=== Begin Enclosure ===

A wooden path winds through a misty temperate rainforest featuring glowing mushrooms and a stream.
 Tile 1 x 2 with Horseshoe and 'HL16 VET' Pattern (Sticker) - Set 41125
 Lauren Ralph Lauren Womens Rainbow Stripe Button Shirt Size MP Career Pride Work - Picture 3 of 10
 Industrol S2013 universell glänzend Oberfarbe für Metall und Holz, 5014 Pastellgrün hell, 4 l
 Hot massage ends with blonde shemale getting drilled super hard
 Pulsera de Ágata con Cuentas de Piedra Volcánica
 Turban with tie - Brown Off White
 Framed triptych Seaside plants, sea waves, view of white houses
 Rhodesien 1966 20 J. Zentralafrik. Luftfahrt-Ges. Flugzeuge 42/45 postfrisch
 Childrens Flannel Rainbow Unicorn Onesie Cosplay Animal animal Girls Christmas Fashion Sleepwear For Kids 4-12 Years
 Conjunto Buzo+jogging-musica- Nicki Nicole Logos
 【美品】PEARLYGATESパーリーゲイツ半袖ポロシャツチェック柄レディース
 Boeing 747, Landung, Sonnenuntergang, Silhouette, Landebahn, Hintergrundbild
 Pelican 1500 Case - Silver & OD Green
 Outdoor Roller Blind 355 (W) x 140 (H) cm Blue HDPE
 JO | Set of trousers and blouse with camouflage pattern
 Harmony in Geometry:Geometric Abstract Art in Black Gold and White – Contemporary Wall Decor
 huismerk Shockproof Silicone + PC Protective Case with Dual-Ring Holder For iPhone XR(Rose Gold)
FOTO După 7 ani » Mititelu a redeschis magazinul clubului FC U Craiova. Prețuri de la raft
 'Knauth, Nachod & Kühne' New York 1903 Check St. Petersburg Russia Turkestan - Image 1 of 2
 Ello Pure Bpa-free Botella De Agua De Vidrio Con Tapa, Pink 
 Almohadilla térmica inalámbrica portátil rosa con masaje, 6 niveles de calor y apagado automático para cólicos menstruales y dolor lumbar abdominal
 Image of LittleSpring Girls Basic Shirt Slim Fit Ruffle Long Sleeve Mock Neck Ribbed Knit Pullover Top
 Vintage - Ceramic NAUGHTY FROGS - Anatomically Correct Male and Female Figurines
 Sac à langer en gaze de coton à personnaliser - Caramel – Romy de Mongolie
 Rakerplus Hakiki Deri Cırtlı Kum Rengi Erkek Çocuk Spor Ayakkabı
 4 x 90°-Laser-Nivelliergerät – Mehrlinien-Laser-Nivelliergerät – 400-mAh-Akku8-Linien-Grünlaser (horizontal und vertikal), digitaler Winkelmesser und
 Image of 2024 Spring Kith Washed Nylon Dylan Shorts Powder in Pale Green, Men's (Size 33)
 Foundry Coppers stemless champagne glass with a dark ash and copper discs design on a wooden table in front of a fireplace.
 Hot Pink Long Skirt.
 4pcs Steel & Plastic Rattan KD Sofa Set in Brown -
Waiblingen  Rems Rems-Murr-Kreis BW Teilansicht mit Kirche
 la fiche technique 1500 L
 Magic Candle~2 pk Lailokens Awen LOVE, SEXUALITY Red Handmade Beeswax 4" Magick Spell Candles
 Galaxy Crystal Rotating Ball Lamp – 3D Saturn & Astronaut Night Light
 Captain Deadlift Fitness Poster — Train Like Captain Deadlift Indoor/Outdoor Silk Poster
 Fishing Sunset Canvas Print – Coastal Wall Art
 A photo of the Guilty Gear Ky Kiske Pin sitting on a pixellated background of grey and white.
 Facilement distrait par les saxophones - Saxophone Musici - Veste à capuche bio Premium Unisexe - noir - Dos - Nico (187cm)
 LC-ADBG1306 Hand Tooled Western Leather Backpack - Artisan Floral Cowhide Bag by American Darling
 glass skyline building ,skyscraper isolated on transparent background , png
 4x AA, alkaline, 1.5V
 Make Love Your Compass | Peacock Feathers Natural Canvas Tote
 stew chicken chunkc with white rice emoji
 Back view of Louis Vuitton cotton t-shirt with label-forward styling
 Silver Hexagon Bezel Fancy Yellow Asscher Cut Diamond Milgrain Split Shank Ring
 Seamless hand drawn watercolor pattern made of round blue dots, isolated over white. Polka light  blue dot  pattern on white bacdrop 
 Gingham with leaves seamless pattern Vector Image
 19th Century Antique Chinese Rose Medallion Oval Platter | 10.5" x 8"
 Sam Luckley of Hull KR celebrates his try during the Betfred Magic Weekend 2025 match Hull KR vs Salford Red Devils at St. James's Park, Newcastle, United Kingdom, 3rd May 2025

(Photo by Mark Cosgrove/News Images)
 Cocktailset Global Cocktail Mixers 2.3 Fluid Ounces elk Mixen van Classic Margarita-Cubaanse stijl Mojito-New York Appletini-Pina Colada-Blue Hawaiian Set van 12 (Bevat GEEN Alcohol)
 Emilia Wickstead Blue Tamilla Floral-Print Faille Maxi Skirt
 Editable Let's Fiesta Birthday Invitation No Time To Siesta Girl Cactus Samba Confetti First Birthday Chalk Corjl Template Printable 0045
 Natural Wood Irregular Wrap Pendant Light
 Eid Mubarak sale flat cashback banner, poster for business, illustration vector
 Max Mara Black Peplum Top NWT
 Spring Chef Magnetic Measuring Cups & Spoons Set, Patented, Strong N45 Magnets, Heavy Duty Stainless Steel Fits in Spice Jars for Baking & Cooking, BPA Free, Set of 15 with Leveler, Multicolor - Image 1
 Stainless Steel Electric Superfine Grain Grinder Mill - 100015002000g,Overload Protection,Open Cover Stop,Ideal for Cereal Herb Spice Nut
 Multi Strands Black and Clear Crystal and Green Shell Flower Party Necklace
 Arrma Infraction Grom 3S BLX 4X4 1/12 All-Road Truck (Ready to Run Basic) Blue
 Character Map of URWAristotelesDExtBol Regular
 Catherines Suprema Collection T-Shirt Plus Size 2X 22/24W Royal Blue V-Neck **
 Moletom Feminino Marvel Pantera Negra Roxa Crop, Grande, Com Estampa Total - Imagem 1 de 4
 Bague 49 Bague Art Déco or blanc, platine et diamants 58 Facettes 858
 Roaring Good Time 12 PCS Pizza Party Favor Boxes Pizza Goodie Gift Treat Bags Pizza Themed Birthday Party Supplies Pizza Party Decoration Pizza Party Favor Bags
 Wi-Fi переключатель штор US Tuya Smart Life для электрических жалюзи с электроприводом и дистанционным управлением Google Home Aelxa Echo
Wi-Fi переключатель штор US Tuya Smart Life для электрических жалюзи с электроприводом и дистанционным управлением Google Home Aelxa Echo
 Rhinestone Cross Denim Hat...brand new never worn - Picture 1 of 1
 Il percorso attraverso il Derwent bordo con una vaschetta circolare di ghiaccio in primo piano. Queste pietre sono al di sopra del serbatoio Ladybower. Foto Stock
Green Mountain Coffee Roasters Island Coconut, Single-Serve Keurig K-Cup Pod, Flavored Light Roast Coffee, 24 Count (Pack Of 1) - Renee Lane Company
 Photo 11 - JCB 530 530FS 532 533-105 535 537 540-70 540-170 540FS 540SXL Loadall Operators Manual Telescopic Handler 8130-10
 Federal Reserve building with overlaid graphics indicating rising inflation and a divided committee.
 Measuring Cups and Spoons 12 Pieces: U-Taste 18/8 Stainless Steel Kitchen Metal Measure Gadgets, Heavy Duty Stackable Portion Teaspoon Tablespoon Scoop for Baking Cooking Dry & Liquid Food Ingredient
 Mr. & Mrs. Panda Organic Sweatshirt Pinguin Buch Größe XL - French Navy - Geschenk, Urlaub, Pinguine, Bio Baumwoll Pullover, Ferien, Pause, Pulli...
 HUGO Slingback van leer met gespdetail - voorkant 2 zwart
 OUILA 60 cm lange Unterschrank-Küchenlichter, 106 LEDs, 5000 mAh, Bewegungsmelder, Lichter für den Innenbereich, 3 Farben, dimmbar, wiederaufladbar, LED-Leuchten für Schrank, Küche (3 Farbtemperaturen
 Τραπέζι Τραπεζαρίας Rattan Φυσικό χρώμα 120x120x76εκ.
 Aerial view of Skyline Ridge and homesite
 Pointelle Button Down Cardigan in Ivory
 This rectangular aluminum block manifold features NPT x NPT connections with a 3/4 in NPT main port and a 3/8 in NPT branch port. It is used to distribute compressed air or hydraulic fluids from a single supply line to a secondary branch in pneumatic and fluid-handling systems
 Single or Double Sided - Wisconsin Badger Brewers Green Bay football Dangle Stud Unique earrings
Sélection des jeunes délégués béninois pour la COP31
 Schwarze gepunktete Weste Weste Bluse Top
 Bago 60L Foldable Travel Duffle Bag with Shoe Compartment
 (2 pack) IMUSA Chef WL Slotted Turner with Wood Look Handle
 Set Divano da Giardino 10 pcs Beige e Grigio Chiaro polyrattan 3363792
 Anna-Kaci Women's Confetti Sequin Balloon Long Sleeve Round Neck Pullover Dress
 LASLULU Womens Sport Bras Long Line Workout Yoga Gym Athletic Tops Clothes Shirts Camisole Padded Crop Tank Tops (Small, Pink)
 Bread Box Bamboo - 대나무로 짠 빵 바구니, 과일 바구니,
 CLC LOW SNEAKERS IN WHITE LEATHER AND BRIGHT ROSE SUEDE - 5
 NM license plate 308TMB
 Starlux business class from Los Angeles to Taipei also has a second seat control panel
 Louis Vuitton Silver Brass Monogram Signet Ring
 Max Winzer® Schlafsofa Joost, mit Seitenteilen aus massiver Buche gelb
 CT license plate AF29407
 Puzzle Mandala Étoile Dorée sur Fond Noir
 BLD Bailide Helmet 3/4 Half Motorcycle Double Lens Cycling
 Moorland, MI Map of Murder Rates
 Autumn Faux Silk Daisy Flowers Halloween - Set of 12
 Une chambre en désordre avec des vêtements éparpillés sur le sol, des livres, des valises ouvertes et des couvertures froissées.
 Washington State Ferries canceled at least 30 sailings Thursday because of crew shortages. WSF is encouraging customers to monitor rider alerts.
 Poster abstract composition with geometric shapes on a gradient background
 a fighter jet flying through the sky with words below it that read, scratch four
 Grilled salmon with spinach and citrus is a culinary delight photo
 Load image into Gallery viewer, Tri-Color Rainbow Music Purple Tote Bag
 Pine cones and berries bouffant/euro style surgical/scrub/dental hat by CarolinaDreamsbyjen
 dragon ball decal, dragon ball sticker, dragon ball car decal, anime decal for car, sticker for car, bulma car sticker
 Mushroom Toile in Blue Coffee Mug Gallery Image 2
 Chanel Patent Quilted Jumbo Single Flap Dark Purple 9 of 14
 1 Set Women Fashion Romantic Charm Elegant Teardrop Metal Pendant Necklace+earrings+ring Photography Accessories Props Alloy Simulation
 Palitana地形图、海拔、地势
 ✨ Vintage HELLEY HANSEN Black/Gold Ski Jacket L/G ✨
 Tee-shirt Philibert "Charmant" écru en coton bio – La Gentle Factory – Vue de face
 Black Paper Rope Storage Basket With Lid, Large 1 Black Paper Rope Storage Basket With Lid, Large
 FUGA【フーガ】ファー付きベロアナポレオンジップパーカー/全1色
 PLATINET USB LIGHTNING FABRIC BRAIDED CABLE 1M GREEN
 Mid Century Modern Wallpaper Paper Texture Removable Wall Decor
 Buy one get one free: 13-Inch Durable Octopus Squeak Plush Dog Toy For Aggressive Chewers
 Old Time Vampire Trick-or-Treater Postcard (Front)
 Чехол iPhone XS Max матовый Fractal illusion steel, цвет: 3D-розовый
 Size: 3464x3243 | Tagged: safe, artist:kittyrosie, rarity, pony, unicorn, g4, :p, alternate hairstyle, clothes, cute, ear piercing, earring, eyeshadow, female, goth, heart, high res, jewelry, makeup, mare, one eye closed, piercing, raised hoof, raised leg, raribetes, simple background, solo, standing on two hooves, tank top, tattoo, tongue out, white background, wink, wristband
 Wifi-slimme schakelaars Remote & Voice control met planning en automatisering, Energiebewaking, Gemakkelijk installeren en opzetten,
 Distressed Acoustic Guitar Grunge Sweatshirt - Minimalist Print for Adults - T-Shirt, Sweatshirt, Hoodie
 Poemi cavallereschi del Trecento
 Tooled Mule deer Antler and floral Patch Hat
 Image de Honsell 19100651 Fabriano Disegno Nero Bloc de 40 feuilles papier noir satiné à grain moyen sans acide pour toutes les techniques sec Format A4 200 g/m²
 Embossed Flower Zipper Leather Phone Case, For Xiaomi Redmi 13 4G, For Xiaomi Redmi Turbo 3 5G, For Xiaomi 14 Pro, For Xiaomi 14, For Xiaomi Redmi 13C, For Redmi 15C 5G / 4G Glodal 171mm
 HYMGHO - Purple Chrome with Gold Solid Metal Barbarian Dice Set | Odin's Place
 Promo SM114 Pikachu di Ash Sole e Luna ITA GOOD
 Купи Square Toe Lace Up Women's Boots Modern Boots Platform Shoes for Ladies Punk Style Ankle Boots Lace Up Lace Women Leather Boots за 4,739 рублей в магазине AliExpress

=== End Enclosure ===

→ REQUIRED WORK: Reproduce exactly the stretch of the material above that starts at the line with "Mid Century Modern" and ends at the line with "Wifi-slimme schakelaars Remote", both included, and nothing else.

→ RESULT BELOW:
 Mid Century Modern Wallpaper Paper Texture Removable Wall Decor
 Buy one get one free: 13-Inch Durable Octopus Squeak Plush Dog Toy For Aggressive Chewers
 Old Time Vampire Trick-or-Treater Postcard (Front)
 Чехол iPhone XS Max матовый Fractal illusion steel, цвет: 3D-розовый
 Size: 3464x3243 | Tagged: safe, artist:kittyrosie, rarity, pony, unicorn, g4, :p, alternate hairstyle, clothes, cute, ear piercing, earring, eyeshadow, female, goth, heart, high res, jewelry, makeup, mare, one eye closed, piercing, raised hoof, raised leg, raribetes, simple background, solo, standing on two hooves, tank top, tattoo, tongue out, white background, wink, wristband
 Wifi-slimme schakelaars Remote & Voice control met planning en automatisering, Energiebewaking, Gemakkelijk installeren en opzetten,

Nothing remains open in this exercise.